Вряд ли в XXI-XXIV веках китайцы станут христианами или мусульманами, скорее всего, они родят своего, чисто китайского Бога и свой китайский монотеизм.

Уже сейчас развиваются духовные конструкции, родившие-ся в XVIII-XIX веках, которые захватят Китай и китайцев и перевернут китайские Небо и Землю. Может быть, следующий китайский руководитель, подобно Эхнатону, присвоит себе титул Сына или Пророка?

Как ни странно на первый взгляд это покажется, но наилучшие шансы на то, чтобы стать основой китайской национальной религии, имеет иудаизм, более древний и сложный, чем ислам, более древний и общинно-ориентированный, чем христианство.

Кроме того, для Китая принять ту или другую мировую религию – это рисковать частичной потерей духовного суверенитета, так как христианский и исламский миры каждый сравнимы по численности населения с китайским, а по мощи – превосходят его, и которые будут его противниками в борьбе за гегемонию над Евразией.

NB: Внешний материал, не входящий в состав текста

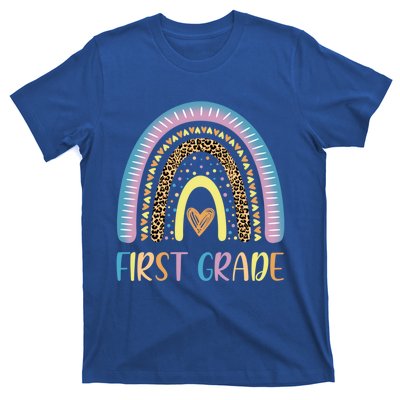 First Grade Rainbow Leopard Teacher Team 1St Grade Funny Gift T-Shirt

Иудейство же серьезной опасности для Китая не представляет. Иудейская религия сформировалась под влиянием и во взаимодействии с духовной жизнью Нового египетского царства, с которым археетипно (по коду) у современного Китая немало пересечений.

Причем, принятие иудаизма может произойти в Китае лишь с небольшим участием самих евреев.